M. Séralini répond que ces trois études ne sont pas toxicologiques. Il précise que l’étude qu’il a dirigé est la plus longue, "vie entière", sur cet OGM, le maïs NK 603. Il souligne qu’il n’existe pas, par ailleurs, d’étude à longue durée sur l’exposition au pesticide Roundup, qui est le plus répandu dans le monde. Des études existent sur son composant principal, le glyphosate, mais pas sur le Roundup en tant que tel.
Sixième question : si les OGM ont des effets aussi néfastes que semble l’indiquer l’étude de M. Séralini, pourquoi ne les observe-t-on sur les animaux et les populations qui consomment des OGM, notamment aux Etats-Unis, depuis plus de dix ans ?
M. Séralini répond qu’il n’y a pas de traçabilité dans ce pays sur les OGM, et que l’on ne peut donc pas y mener une étude épidémiologique sur les aliments transgéniques.
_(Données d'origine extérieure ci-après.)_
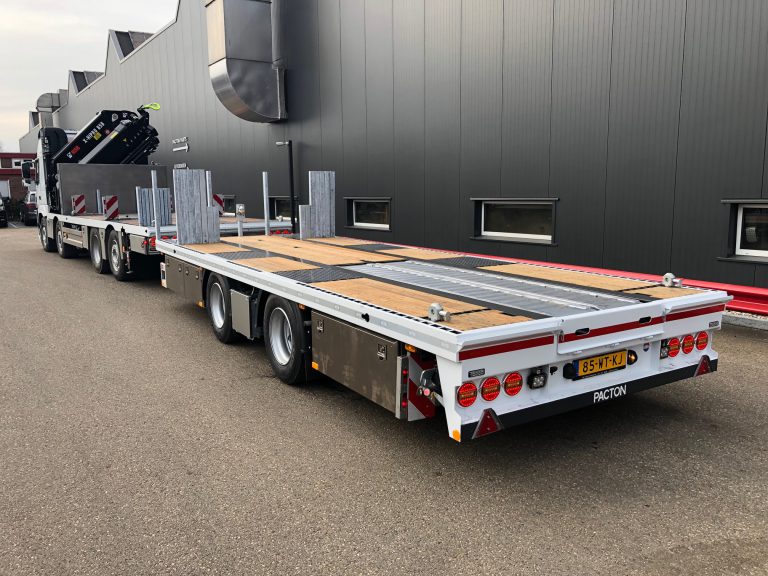 OPTIMAL UTILISABLE PACTON CENTRE AXLE DRAWBAR TRAILER FOR SIERS OLDENZAAL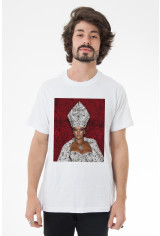 Camiseta (regular) Rihanna Papisa Branca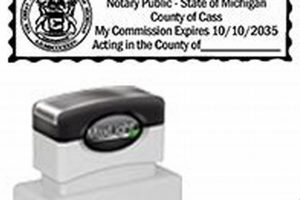 Michigan Notary Public Stamp: A Guide | Old Stamp Collecting Guide: Discover, Value & Preserve Vintage Stamps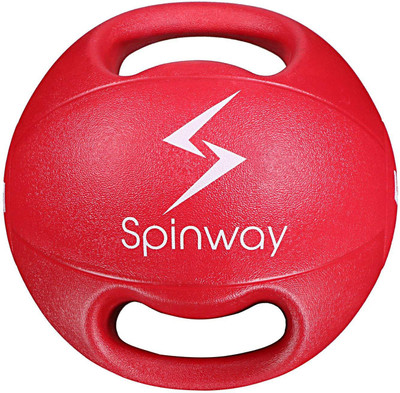 

Spinway Rubber 5 Kg Medicine Ball(Weight: 5.67 kg, Red)
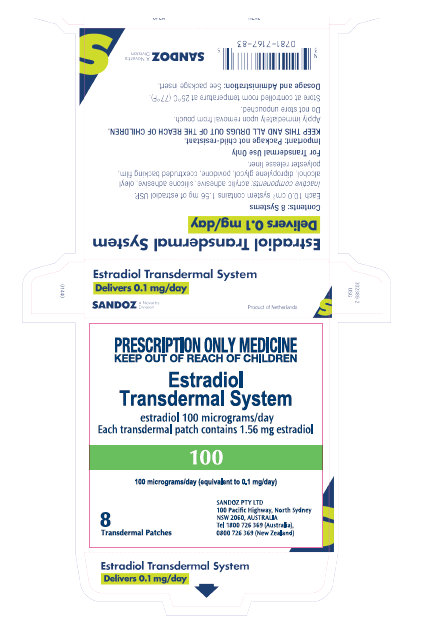 Picture of Estradiol Transdermal System 100mcg/day (0.1mg/day)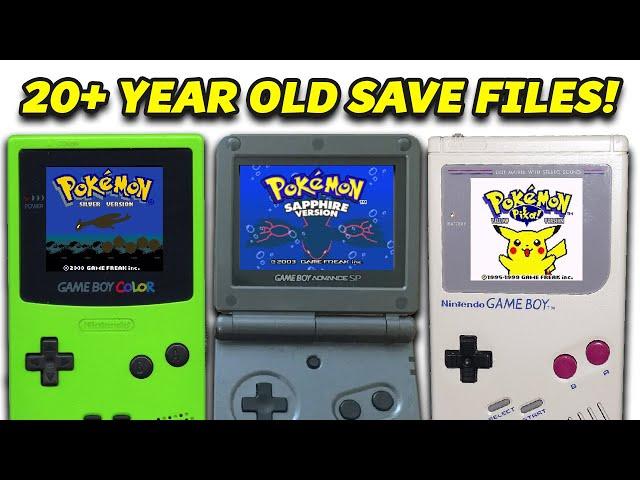 I reacted to ALL my old Pokemon game save files...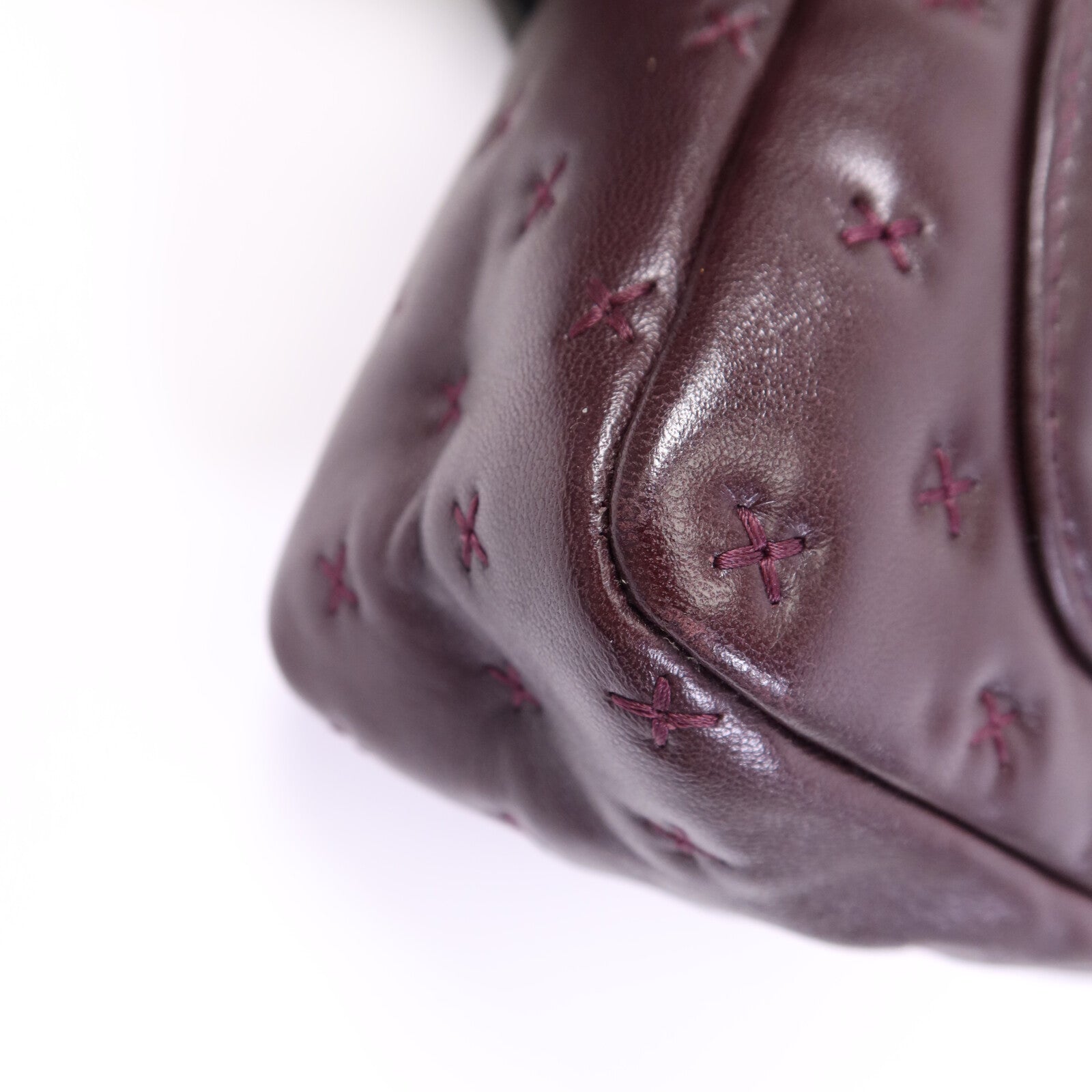 CHANEL 羊皮皮革CoCo Handle金扣鏈帶手挽肩背兩用袋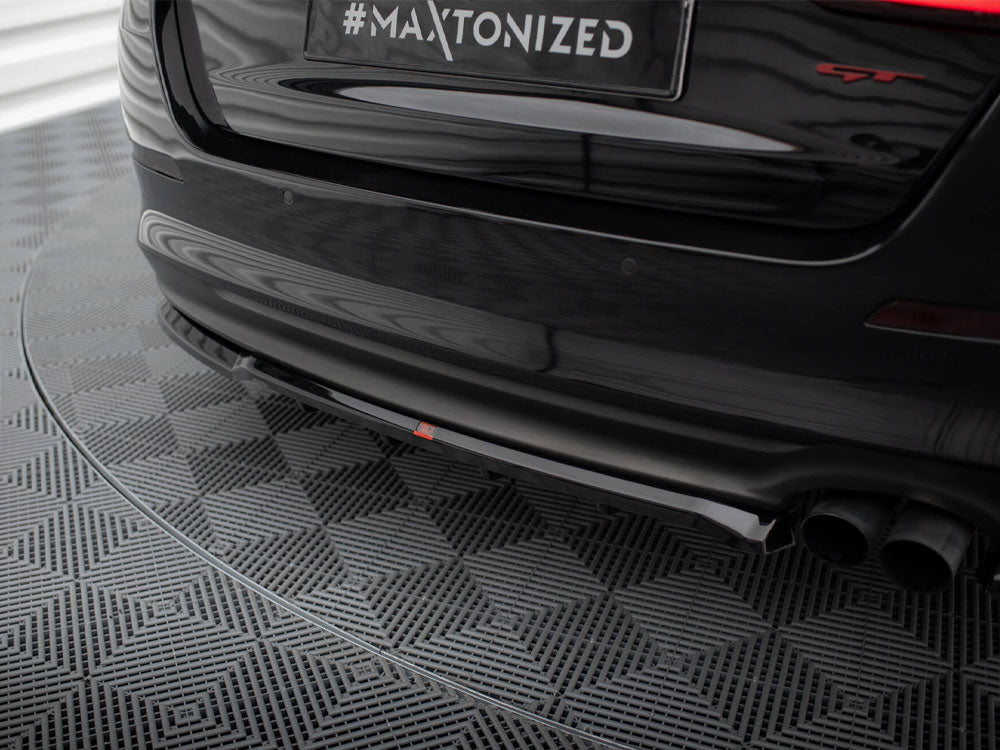 Central Rear Splitter (Vertical Bars) Kia Optima Mk3 - Wayside Performance 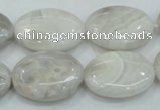 CAB912 15.5 inches 18*25mm oval natural crazy agate beads wholesale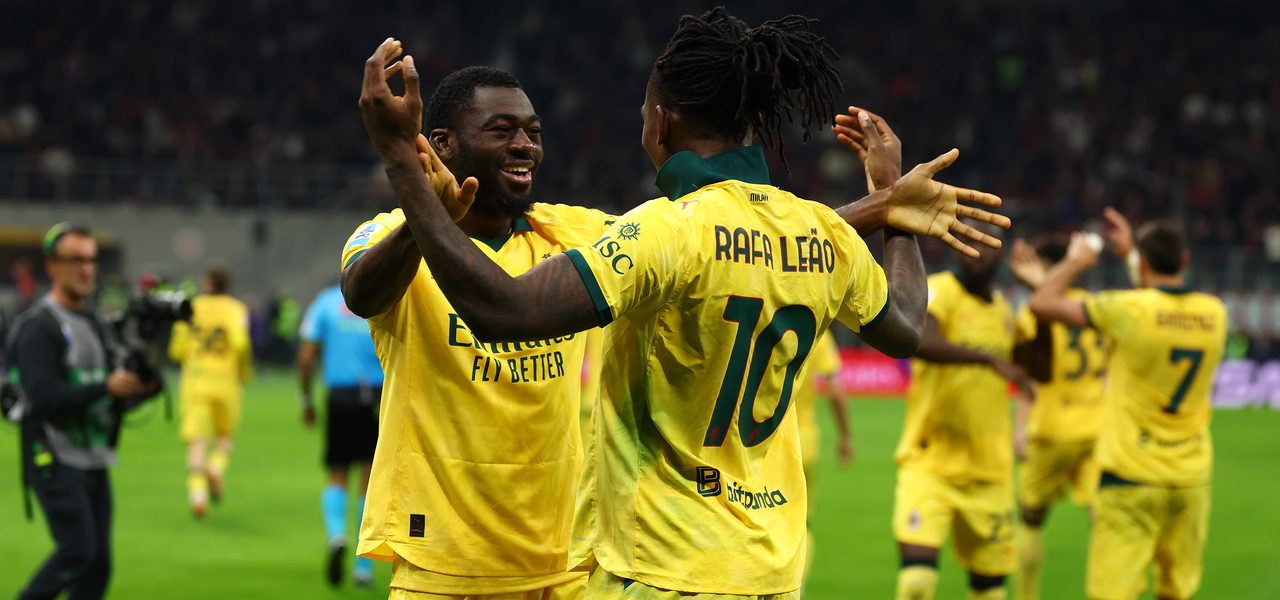Rafael Leao ketika Berselebrasi dengan Foffana.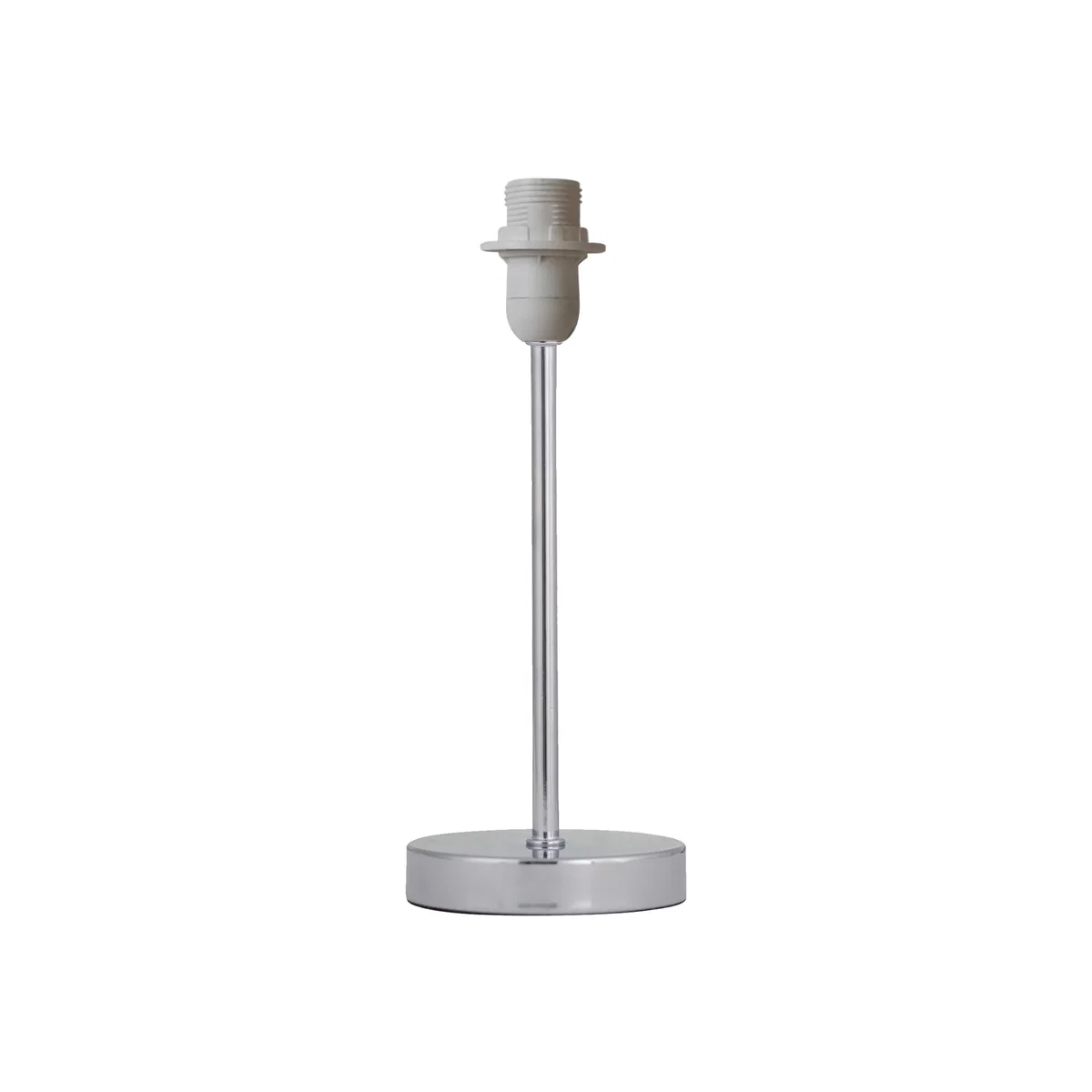 Chrome Stick Table Lamp Base Only - Chrome – image 1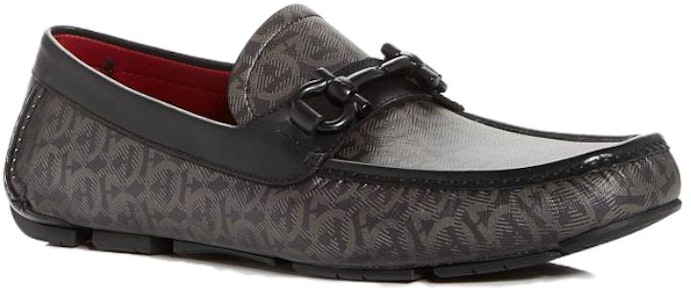 (W) Mocasines FERRAGAMO Gancini 'Gris Monograma' 02B890-718404 Order (W) Mocasines FERRAGAMO Gancini 'Gris Monograma' 02B890-718404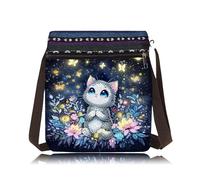 CXINLky Sac à bandoulière 5D DIY Diamond Art Painting - Sac à bandoulière - Sac à bandoulière - Porte-monnaie - Maquillage - Fermeture éclair - Sac à main pour femme, 13 chats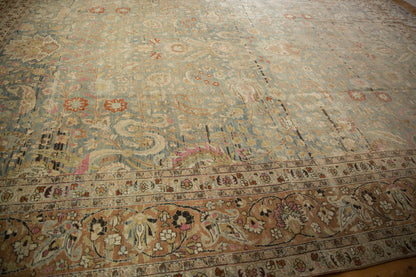 11.5x16 Vintage Distressed Meshed Carpet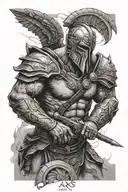 ares god of war  tattoo design idea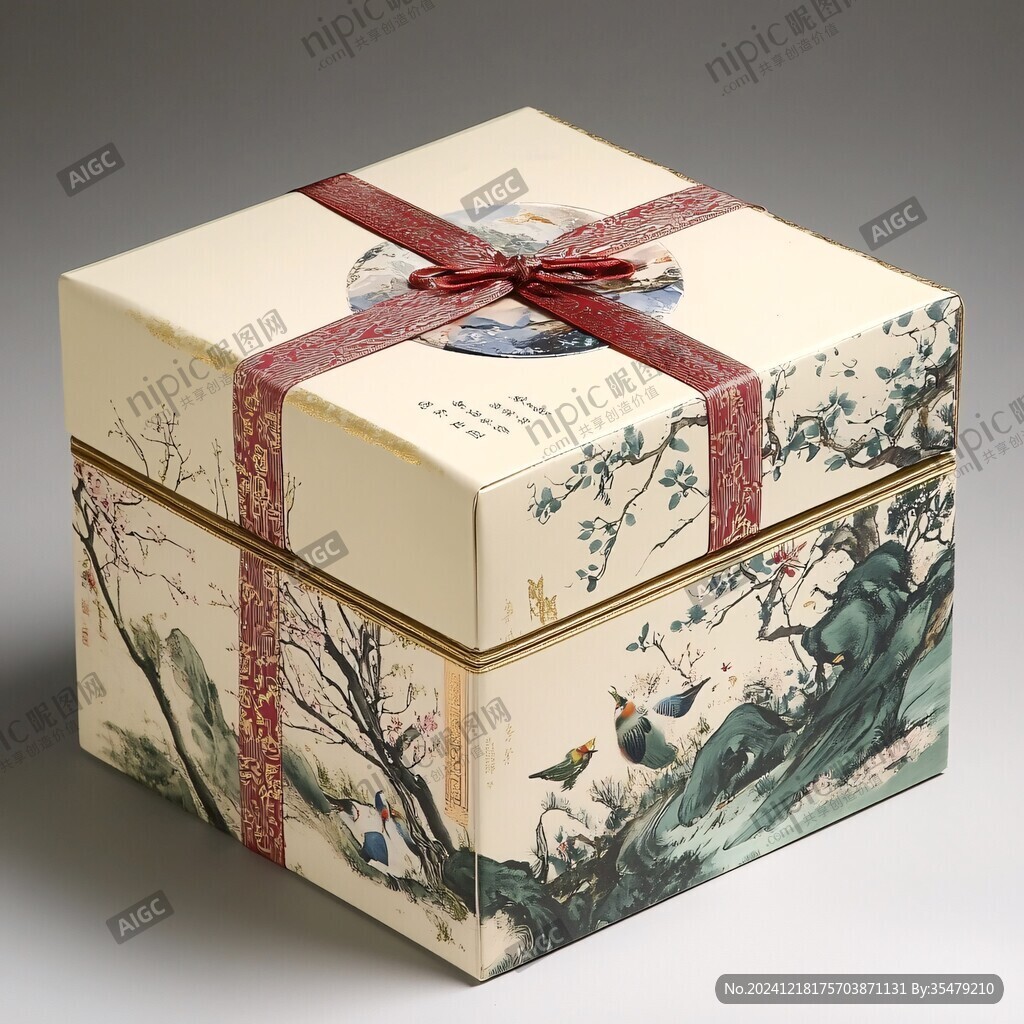 新中式插畫(huà)禮盒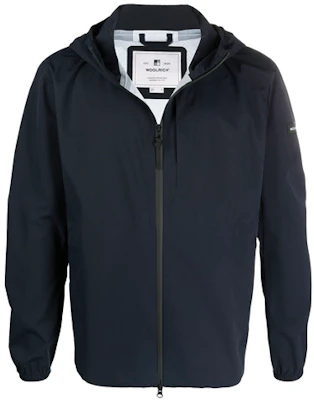 WOOLRICH 藍色Logo拉鏈連帽休閒外套 WOOU0365MRUT2540-3989 Buy WOOLRICH 藍色Logo拉鏈連帽休閒外套 WOOU0365MRUT2540-3989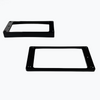 PC-0733 CURVED NECK AND BRIDGE HUMBUCKING PICKUP RING SET - Black
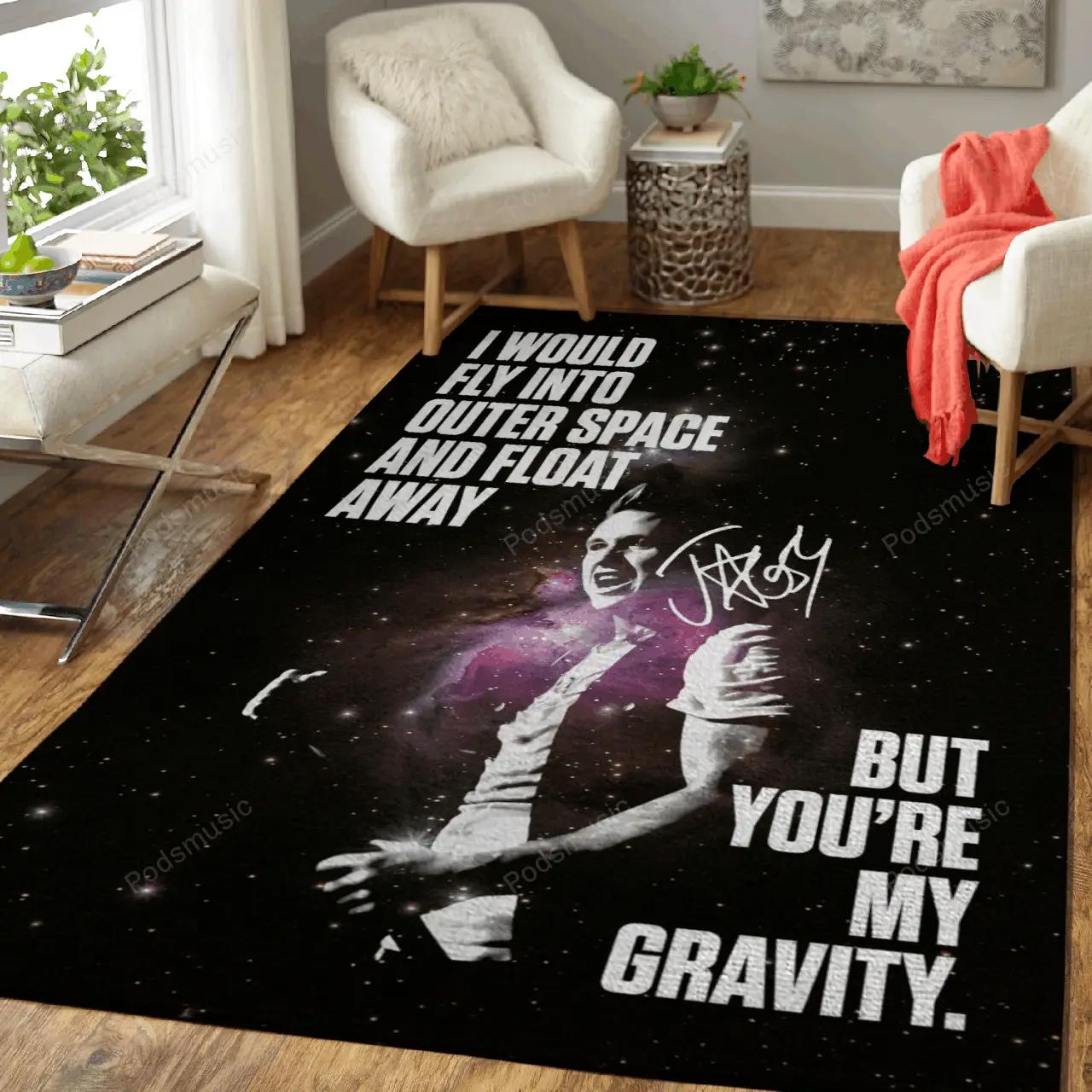Music jacoby shaddix lyric music legends art for fans area rug living room carpet rug regtangle carpet floor decor home decor Rectangle Rug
Il se trouve qu’on observe énormément de pathologies hépato-rénales. On ne peut pas les attribuer aux OGM et au Roundup, mais les produits mal évalués pour la santé peuvent en être responsables.
Septième question : que se passe-t-il en Argentine et au Brésil qui cultivent à grande échelle les produits transgéniques.
M. Séralini répond qu’il est dommage que seule une petite équipe comme celle qu’il dirige à Caen étudie les effets du pesticide Roundup. Il y a un vrai doute sur la manière dont on évalue les maladies chroniques. Le système hormonal semble perturbé par ces produits. Il est anormal qu’il n’y ait pas d’études à long terme sur ce type de produits.